My Own Version of Belle | Teen Ink

My Own Version of Belle

December 16, 2017
By RKatzman BRONZE, Short Hills, New Jersey
RKatzman BRONZE, Short Hills, New Jersey
1 article 0 photos 0 comments

    Since I have a notoriously bad memory, I don’t recall every detail about my early experiences, but I know that they have shaped me to become who I am today. Some things I do remember are the bookshelf next to my couch, my Peter Pan paperback, and my fascination with stories dancing on the pages of a book. The well loved photo albums collecting dust in my basement help fill in my memory. Photographs reveal my sister and I sitting on the living room floor in our matching pajamas with stacks of picture books spread around us.
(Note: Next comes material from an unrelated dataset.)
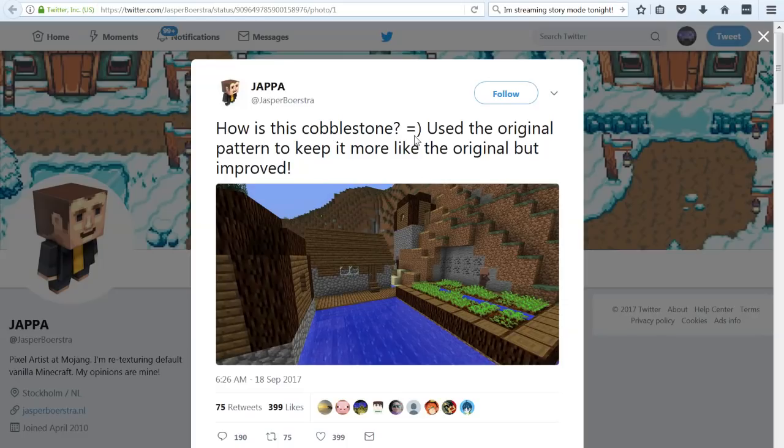How is this cobblestone? Used the original pattern to keep it more like the original, but improved.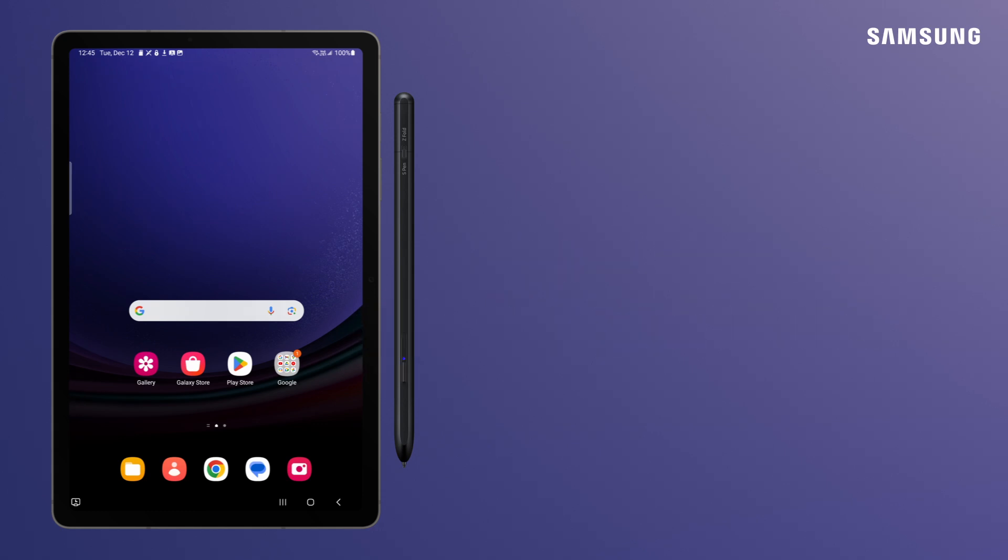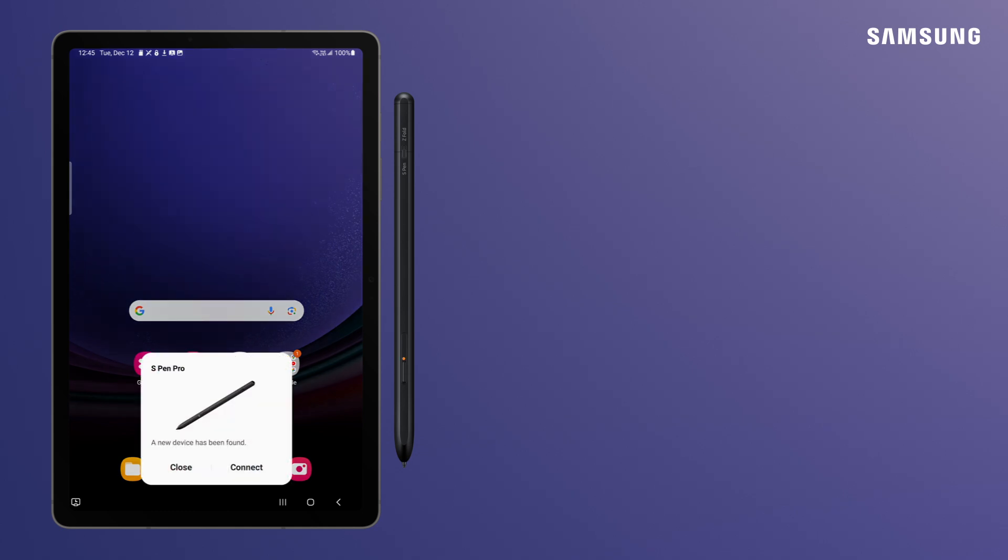The LED light on the S Pen Pro flashes and a prompt appears stating that a new device has been found.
I used to take out all of the books on the shelf and “read” them for hours, my eyes glossing over the actual words on the page, refocusing to look at the pictures.
     My interests were shaped by those stacks of books. My obsession with Disney characters stemmed from the Disney books, never the movies, since I found it fascinating to listen to my mother’s voice soothingly read me the story. In my house, it was always books over television. It was my mom that chose my first books. She loves literature herself and thankfully passed that gene to me through our regular trips to the library and outings to Barnes and Noble to sit on the floor and read book after book. Twirling off of the pages, settling into my heart was the brunette, beast-loving princess, Belle. She was intelligent, beautiful, and accepting of others; someone I admired. She loved books so therefore I loved books, too. Belle was captivated by the giant library in the Beast’s castle and because of that I always looked towards reading with that same awe. I imagined myself running through the library in the palace, I imagined my yellow dress swirling as I walked with a book in hand, I imagined myself feeling inseparable from books. Just like Belle.
     In these books, my mom and I put stickers over the faces of the scary Disney characters;  stickers created my first physical connections to literature. I put smiley faces over Ursula and her creepy yellow-eyed sidekick eels Flotsam and Jetsam, I put stars over the hyenas in the Lion King and hearts over Tick Tock the crocodile in Peter Pan. I would color on the pages and mark them up with stickers since to me, as a toddler, they were pieces of paper with pictures and some other squiggles, which turned out to be words, on them. When I marked them up, I learned to interact with books in more than one way. Literature has always felt comfortable to me.
     The weight of a book in my hands, fingers flipping the pages, my eyes scanning the word. We beat books up pretty bad. My sister and I had a ritual:  Every morning at breakfast, we picked out two picture books from the shelf. While eating breakfast we each read one book and then switched. This action of reading two books at breakfast each day became a part of my day, just as natural as brushing my teeth in the morning. We picked from the same selection of books on the same bookshelf for so long that I still can repeat back to you some pages found in the Berenstain Bears books. When we tired of our usual books we switched to reading the recipes in our Strawberry Shortcake cookbooks.
     When middle school started, my daily life changed. I got up at 6:30 every morning not to read for one hour before school and take my time, but to quickly get dressed, pack up my bag, and eat breakfast all before 7:30. By this point, I was fully committed to lengthy chapter books that I could no longer finish in a morning. I gradually moved away from eating up words as a part of my breakfast ritual to eating as quickly as I could to get ready for school. It became harder to carve out time for a chapter or two daily as I made my way through the rigorous school system and my increasing amount of extracurricular activities.
     As high school came around, I grew from reading everyday to rarely reading for leisure. My demanding schedule made my beloved daily activity nonexistent.
     However, this type of separation makes me cherish the moments I have reading books even more. Pages of a book are not simply that, they hold meaningful stories rthat are an author’s cherished craft. On holidays, vacations, long weekends and in the summer I find myself craving the peace I get when curling up with a book. When I read books now I still have the same ability to get lost in the story for hours on end that I did when reading about Belle, the Berenstain Bears or my cookbooks.
     I have traded Disney princess stickers for Post-It notes and replaced Captain Hook with Tobias Eaton, but I savor them the same. The cracking of the binding of a new book and the fresh and welcoming pages reach my senses before the words process in my brain. When reading went from a regular part of my day to a special occasion, this gave me a much bigger appreciation for the time I spend reading. Each picture I have seen, each word I have read has made a tiny imprint on my heart, making an everlasting impact on my identity.


The author's comments:

This piece discusses my relationship with literature over the past 16 years. It explores how reading has impacted my identity and how certain early life experiences have shaped me. I hope reading this piece will inspire others to reflect on their own relationship with reading and literature and think about how it has changed throughout different stages of their lives.